Linear ADP Controller

The below algorithms is given in the book Robust Adaptive Dynamic Programming.

Problem statements

Given the linear system equation (1), design a linear quadratic regulator (LQR) in the form of u=-Kx that minimizes the following cost function

V(x) = \int_t^\infty (x^TQx+u^TRu)d\tau = x^TPx

where Q=Q^T \geq 0, R=R^T > 0.

The solution of this problem is K* which is also the solution of the Riccati equation, can be obtained by OpenControl.ADP_control.LTIController.LQR(). However, this approach requires the knowledge of the system dynamic (the matrix A and B). The model-free approach below will resolve this problem.

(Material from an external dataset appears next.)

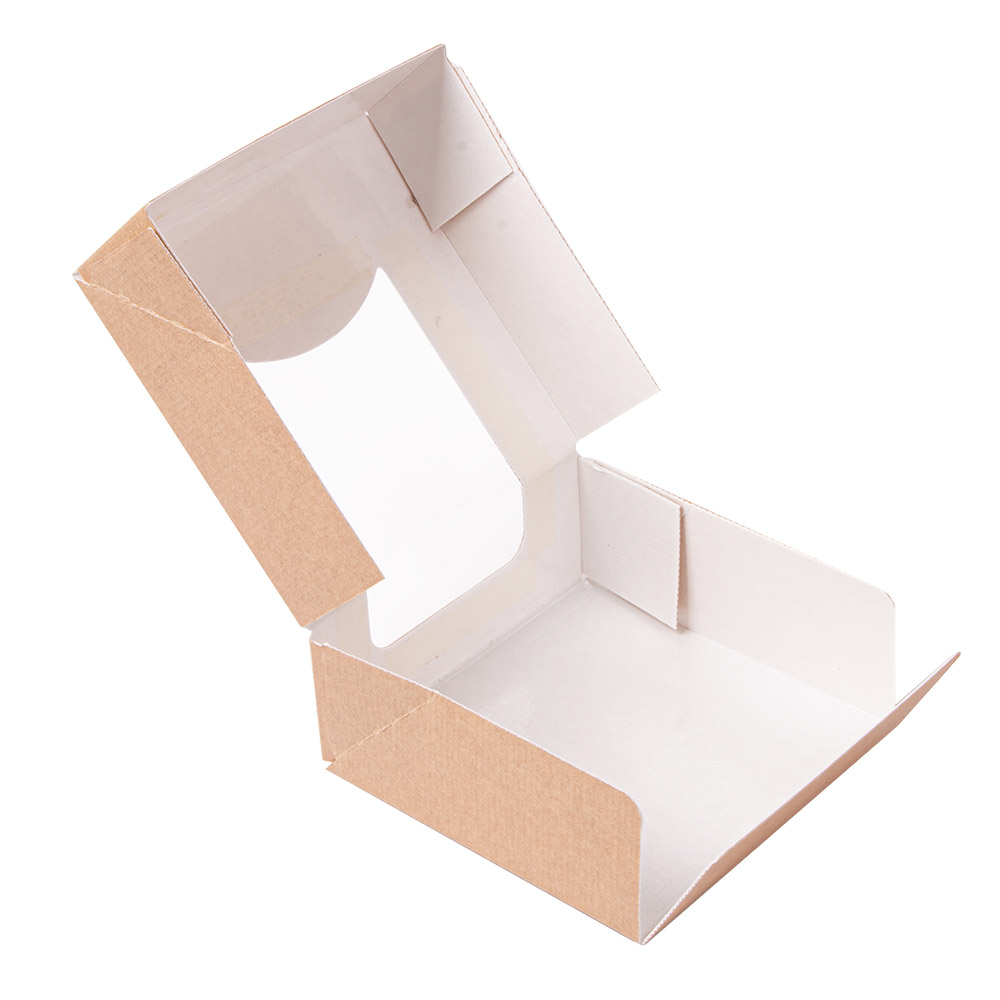 253.36-CONTENITORI SUSHI+FINESTRA 'THEPACK'  10x10x4 CM MARRONE CARTONE NANO-MICRO + OPP (50 u.)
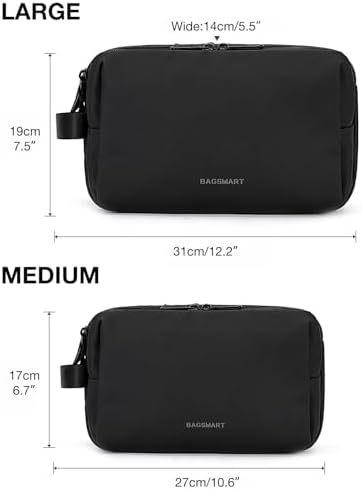 BAGSMART Mens Wash Bag Travel Toiletry Bag Makeup Shower Shaving Organiser for Bathroom Camping Gym - Water Resistant & Wet Dry Seperate, Black - Image 7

Lets begin with another control policy u=-K_kx+e where the time-varying signal e denotes an artificial noise, known as the exploration noise. Taking time derivative of the cost function and integrate it within interval [t,t+\delta t] to obtain:

(1)x^T(t+\delta t) P_k x(t+\delta t) - x^T(t) P_k x(t) -2\int_t^{t+\delta t}e^T R K_{k+1} x d\tau = -\int_t^{t+\delta t}x^T Q_k x d\tau

where Q_k=Q+K_k^T R K_k.
We can see that this is the fix point equation, meaning that the K matrix can be solve by finite number of iteration. And because of no requirement of the system dynamic, it is a data-driven approach.

On-policy learning

For computational simplicity, we rewrite (1) in the following matrix form:

(2)\Theta_k \begin{bmatrix} vec(P_k) \\ vec(K_{k+1} \end{bmatrix} = \Xi_k

where

& \Theta_k =  \begin{bmatrix}
x^T \otimes x^T |_{t_{k,1}}^{t_{k,1+\delta t}} \hspace{1cm} -2\int_{t_{k,1}}^{t_{k,1+\delta t}}(x^T \otimes e^TR)dt

x^T \otimes x^T |_{t_{k,2}}^{t_{k,2+\delta t}} \hspace{1cm} -2\int_{t_{k,2}}^{t_{k,2+\delta t}}(x^T \otimes e^TR)dt

\vdots \hspace{1cm} \vdots

x^T \otimes x^T |_{t_{k,l}}^{t_{k,l+\delta t}} \hspace{1cm} -2\int_{t_{k,l}}^{t_{k,l+\delta t}}(x^T \otimes e^TR)dt  \\

            \end{bmatrix},

\vspace{5mm}

& \Xi_k = \begin{bmatrix}
-\int_{t_{k,1}}^{t_{k,1+\delta t}}x^T Q_k x dt

-\int_{t_{k,2}}^{t_{k,2+\delta t}}x^T Q_k x dt

\vdots

-\int_{t_{k,l}}^{t_{k,l+\delta t}}x^T Q_k x dt
            \end{bmatrix}

Note

  • To adopt the persistent excitation condition, one must choose a sufficiently large number of data l>0 to satisfy the following condition:

rank(\Theta_k) = \frac{n(n+1)}{2} + mn

Algorithm

_images/LinearOnPolicy.png

Library Usage

Setup a simulation section with OpenControl.ADP_control.LTIController and OpenControl.ADP_control.LTIController.setPolicyParam() then perform simulation by OpenControl.ADP_control.LTIController.onPolicy()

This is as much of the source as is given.